All these parts flop around  without their mutual supporting structures.  Be careful.  Don't turn the handwheel when these parts are in this precarious state.  If you must turn the handwheel reposition the parts so that they don't bind things up.

The hook did not lift out easily ( 80 plus years of oil and dirt held it pretty tight).  I tapped gently on the bottom of the hook to free it up.  I love my rubber mallet for just this application.  It’s all about the tools.  Just the same I had to apply LW from the top and the bottom and twist the hook around in its casing to get it up and out of there.

Here you can see that it has loosened and is moving up.  Don't lose that little piece from which you took the screw.  It will fall off once the hook is lifted up and out.

The pencil is pointing to the end of the hook stripped of that little part in the photo above.

Hook emerging as seen from the top of the machine

Hook out.  I still am amazed that this machine stitched at all. Check out all that lint.  The whole bobbin area and hook area were caked with this stuff.  Imagine a 401 stitching  with all that lint build up.

Now it is time to clean all these parts.  I use a degreaser that I found at the hardware store.  I scrub each part and then rinse with rubbing alcohol and dry with the hair dryer on low.  Each cleaned piece goes into a clean container.  Inevitably, despite my best efforts, an extra screw pops up during this whole process.  I never panic when that happens.  I know that eventually I will figure it out.  Save yourself some stress, just the same, and keep your screws together with their corresponding pieces unless the screw is back in the machine.

Next time: tension assembly

read the comments.  Luis has a Singer 66 and has broken the part number 8302  I looked up on my downloads and found the schematic of the parts;


You can see part number 8203  above.  I think it must pass through the pillar.  Luis mentioned trying to solder it.  if it is broken clear through he will need a new one, I think.  Good luck Luis.


  1. Hi Elizabeth!

    I followed the link you posted on the wefixit group.
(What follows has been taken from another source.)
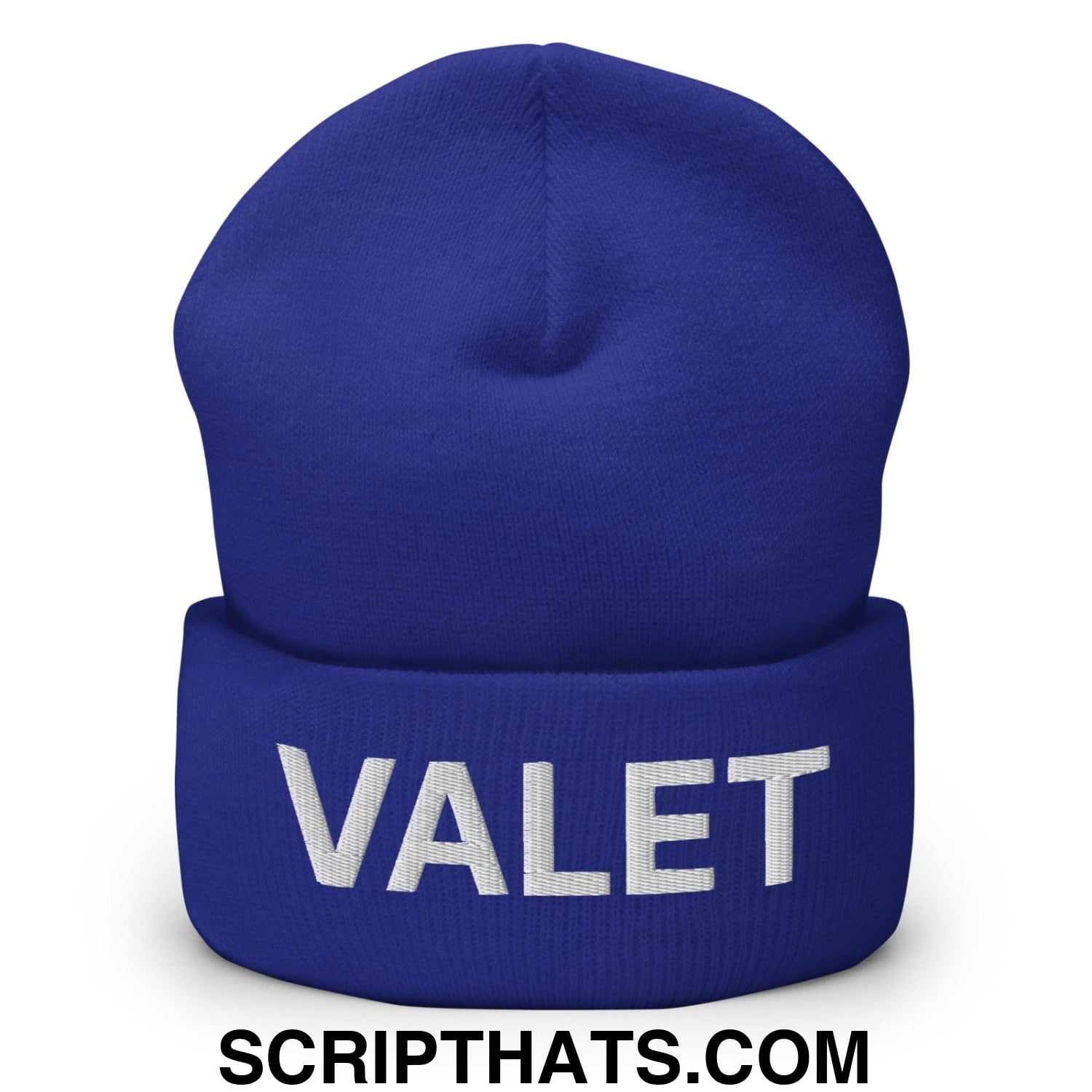 Valet Uniform Work Embroidered Knit Cuffed Beanie Royal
I was curious about the blog and the machine. The machine looks fantastic. The blog is wonderful. Keep up the good work and we will all benefit from these educational exercises. Thanks!!


  2. Hi Elizabeth. This is a very interesting blog to me, because I like the vintage sewing machines. I'm trying to restore a singer "66" from 1928 that I bought in a junk depot, but sadly I broke the 8203 part :(. did you ever had fully disassembled a singer 66?

    1. HI Luis
      I am sorry that you broke that part. I have never fully disassembled a Singer 66. I am not that brave. Good luck.

    2. Hi again, let me tell you that I finally got my singer 66 fully disassembled, it was very hard and it's gonna be harder to reassembled. I broke one part, but I think that I can get one with an antique dealer, or, if I can't get it, maybe I can solder it. You should to take a look to my machine's parts, I cleaned them with hot water and dish soap and they look very nice. Well, there's still a lot of work to do. Wish me good luck.

    3. I tried cleaning an old and fully jammed 1920 Singer 66 without any disassembly. Got some success and posted a youtube video too for others who may get some benefit out of it.

  3. Thanks so much for this tutorial, it is fabulous and was a huge help in the restoration of my 1927 Singer 66 that I've named Freddie Mae, after it's first owner. Hope you don't mind, but this was too great not to share, so I put a link to this post from a couple of posts on my blog, "The Elusive Bobbin". I love seeing all the machines you've worked on. Thanks for the amazing job you do.

  4. hi luis id love to hear how the arm rocker shaft disasembly and re assembly went... i broke the same part on my 66 and finnally gave in and dropped a 19 in my treadle for now.... i dont want to give up on this machine though.. yet cant find anything about replacing this part. any help? Part number 8203 (the arm rocker shaft)

  5. Thank you for amazing instructions. I was able to identify the issue with my Singer. Piece 32529 and 32594 are stuck at an angle and will not separate. I soaked the pieces in LW and oiled with all purpose machine oil and tried to pry it open or shut with wrenches and it will not budge. Any pointers on what I can buy to get these pieces rotating freely?